But here, in the safety of my own home, my own community, I don't trust to walk out and harbor the drunk or the stoned. Instead I called the police at 3:30 am and asked them to intervene and protect me from the mad and the stranger. In Corvallis I carry fear that stops me from harboring the injured, the fugitive, the slave. I have learned to fear my neighbor, even in this small idyllic town. And for this my heart breaks again. I was relieved that he was not literally my neighbor but an outsider from 'the other side of town.' I don't want to fear those close to me.
And I know that I don't want to fear anyone, we are all equally human, equally divine. My fear exposes more spiritual work for me to do. Maybe it is time for a street retreat so that I can look into the faces of the junkies, the drunks, the fugitives and slaves, and see myself reflected back.
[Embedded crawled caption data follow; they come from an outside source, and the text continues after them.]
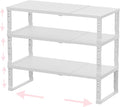 Adjustable Metal Shelving Unit, Stackable & Expendable Storage Rack for Home/Office/Kitchen, Space-Saving，Sturdy&Durable，Easy Assembly (3PACKS/Large/White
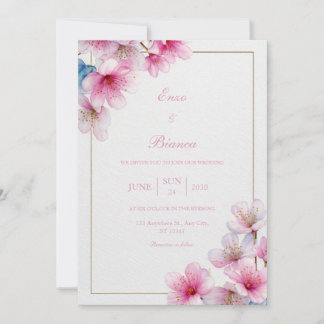 Pink Sakura Textured Paper Gold Frame Wedding Invitation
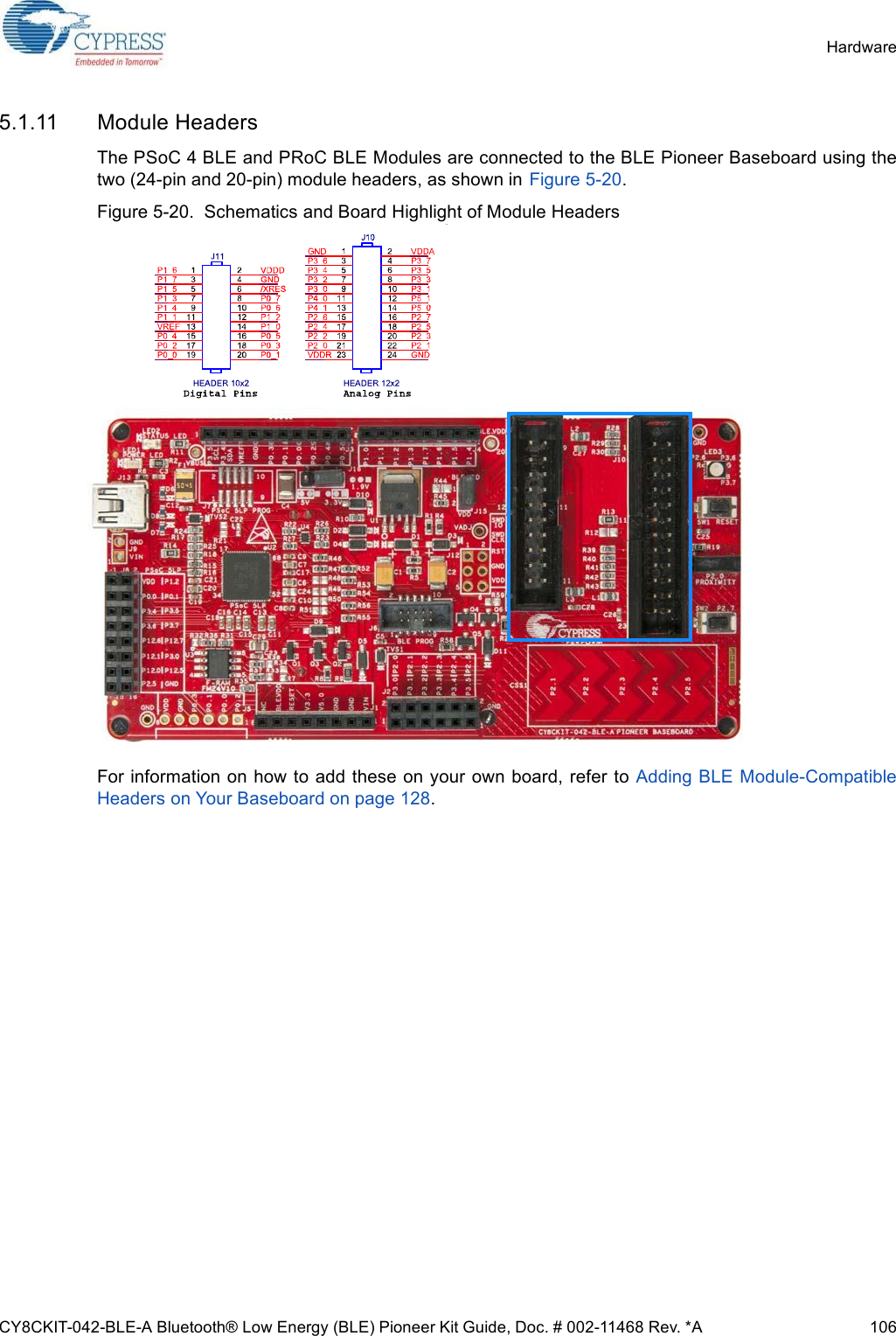 CY8CKIT-042-BLE-A Bluetooth® Low Energy (BLE) Pioneer Kit Guide, Doc. # 002-11468 Rev. *A 106Hardware5.1.11 Module HeadersThe PSoC 4 BLE and PRoC BLE Modules are connected to the BLE Pioneer Baseboard using thetwo (24-pin and 20-pin) module headers, as shown in Figure 5-20. Figure 5-20.  Schematics and Board Highlight of Module HeadersFor information on how to add these on your own board, refer to  Adding BLE Module-CompatibleHeaders on Your Baseboard on page 128. 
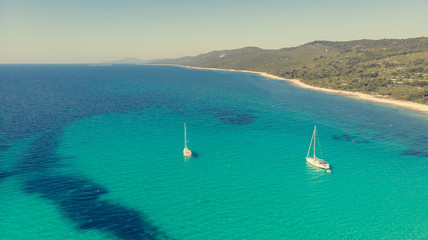 Spectacular aerial sea landscape of sandy beach and crystal clear water.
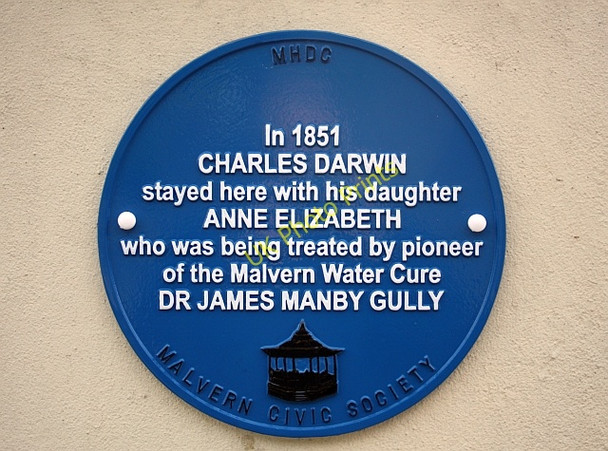 Photo 6"x4" Darwin plaque, Montreal House, Malvern Great Malvern c2009
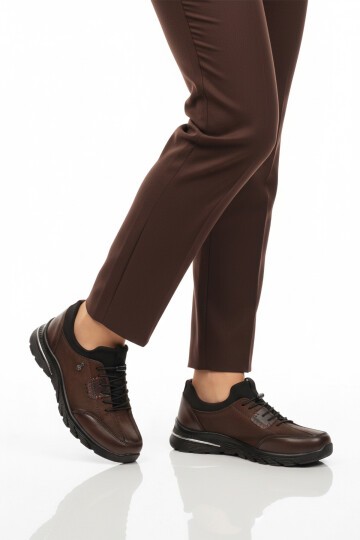 Kahve Nubuk Hakiki Deri Kadın Günlük Ayakkabı PLV061 Z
Sung by the UUFC Chorus on Sunday Oct 16,
now playing in my head:
Would you harbor a Christian, a Muslim, a Jew,
a heretic, convict or spy?
Would you harbor a run away woman, or child,
a poet, a prophet, a king?
Would you harbor an exile, or a refugee,
a person living with AIDS?
Would you harbor a Tubman, a Garrett, A Truth
a fugitive or a slave?
Would you harbor a Haitian Korean or Czech,
a lesbian or a gay?
from "Would you harbor me?" by Y.M. Barnwell (c)1994)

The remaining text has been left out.